Megyn Kelly, who arrived at Fox News 12 years ago as a television news neophyte but rose to become one of its two biggest stars, has decided to leave the network to take on a broad new role at NBC News for an undisclosed salary, NBC announced Tuesday afternoon.
The NBC News chairman, Andrew Lack, wooed Kelly away from Fox News by offering her a triple role in which she will host her own daytime news and discussion program, anchor an in-depth Sunday night news show and take regular part in the network's special political programming and other big-event coverage.
The move will herald a seismic shift in the cable news landscape, where Kelly had become the second-most watched host — after Bill O'Reilly of Fox News — and often helped define the national political debate, especially over the last year as Donald Trump regularly attacked her, at times in viciously personal terms.

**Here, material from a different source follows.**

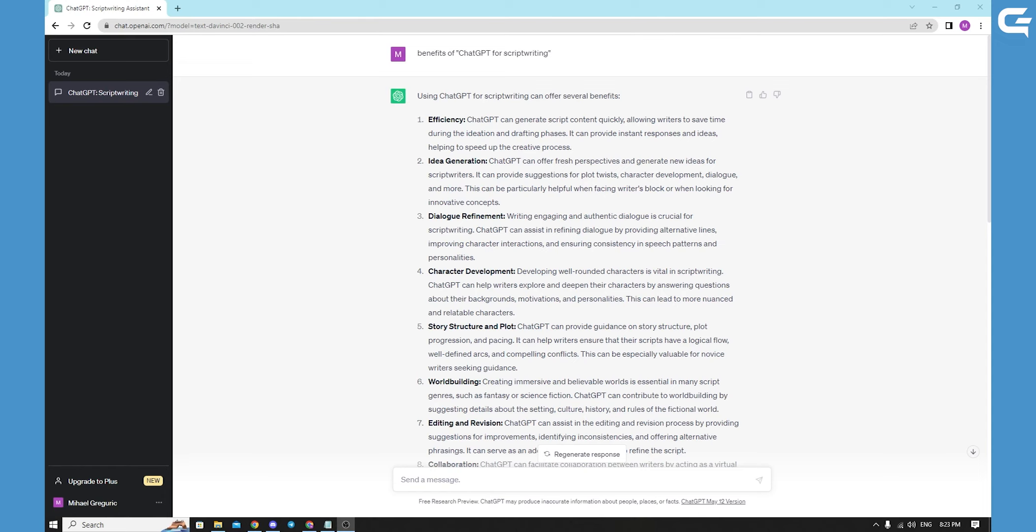In conclusion, with its capacity to inspire, facilitate brainstorming and aid in character development, ChatGPT proves to be an indispensable asset for script writers. By harnessing the power of this advanced language model, writers can unlock their creative potential.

Kelly's exit will upend Fox News' vaunted prime-time lineup and inject a new dose of tumult just a few months after the departure of the network's powerful founding chairman, Roger Ailes, who was ousted after several women made allegations that he sexually harassed them.
The new deal brings to a close the most anticipated television news contract negotiations since Katie Couric signed with CBS News in 2006, for $15 million a year.

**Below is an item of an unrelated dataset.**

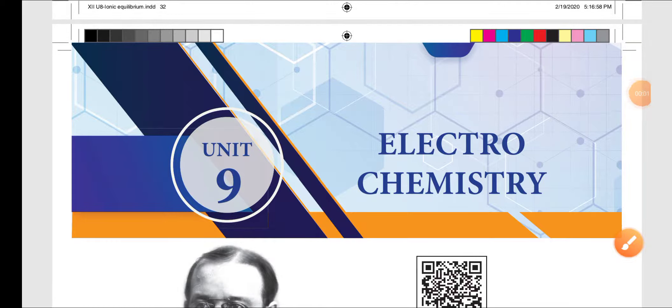Welcome students. 12th Standard Chemistry, Unit 9 — Electrochemistry.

Fox News' parent company, 21st Century Fox, which is controlled by the family of Rupert Murdoch, had offered Kelly more than $20 million a year to stay after her current contract expires this year. Rival networks seeking to hire Kelly away, including NBC News, had made it clear that they could not match that money from Fox, the cable news leader for the last 15 years running.
Kelly's contract is not officially up until the summer, and it was unclear whether Fox News would release her from any contractual commitments that might delay her start at a rival.
People briefed on the talks, who would only speak on the condition of anonymity pending an announcement, declined to disclose what Kelly's new annual salary would be at NBC. But even a modest raise would place her among television's highest paid journalists. The Wall Street Journal recently reported she was to collect $15 million for the final year of her contract.